Listening to Jim Butler of Bastion Press lament the current doldrums is both heartening and depressing, while their interviews with the folks at Expeditious Retreat Press provided numerous insights into the thinking that goes into their products. Other recent interviews include Chad Justice, of Mythic Dreams Studios, Hunter Gordon, of Traveller T20, Ed Greenwood, of Forgotten Realms fame, and Matt Forbeck, of Human Head Studios.

They also do a regular rundown of new RPG products during their “Reviews” segment. It’s a good segment — I’ve learned about more than a few products through it — but I wish their reviews were more in-depth. They only touch on most of the products, offering descriptions and a few comments, but very little meat. Granted, you can find full-blown reviews on the site, but I’d rather see longer ones incorporated into the show.

“Behind the Screen” is a relatively new segment where they where they offer advice for DMs on a subjects submitted by listeners. It’s a good segment — the hosts get to do some free-form ranting/rambling, and it gives listeners an opportunity to call in and voice their opinions. There’s also a new “Plug My Cause” segment, which allows companies and individuals to plug products and events. It’s a great idea and it goes a long way to toward addressing something I’d like to see more of on the show: ads. Yeah, I’m one of those weirdos who thinks that advertising (when done right) is a valuable form of content, especially when it’s promoting a product I haven’t heard of before.

Quality-wise, the show’s about what you’d expect from an amateur production. The sound quality of anyone speaking in the studio is usually very good, even over MP3, but there are little production flaws that crop up during production — occasionally (and infuriatingly) a host will start typing on a keyboard, either to post something to the site, talk with folks in the chat room, or even do some remote server repairs. It’s a distracting habit, but one that’s improved over the last few months.

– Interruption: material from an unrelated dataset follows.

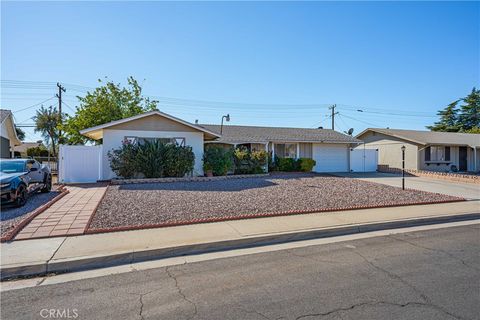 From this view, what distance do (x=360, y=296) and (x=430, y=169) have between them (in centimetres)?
2584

There are also occasional outbreaks of “dead air”, points where the hosts or their guests just stop talking, leaving a void of uncomfortable silence. I can’t fault them too much on dead air — I did a radio show in college, so I’m aware of how difficult it can be to avoid — but is an area that could see some improvement. There’s also the aforementioned variable quality of the phone-in guests, but that’s usually a function of the caller’s phone than the studio’s equipment. All these flaws are minor however, and have rarely hampered my enjoyment of the show.

Final Analysis

I religiously listen to Mortality Radio on my iPod during my commute. If you’re looking for an audio geek fix with an interest in D&D, it’s definitely worth checking out.

Product Details

  • Mortality Radio
  • Show Home Page (Internet Archive)
  • Air Dates: Every other Friday (see site for details)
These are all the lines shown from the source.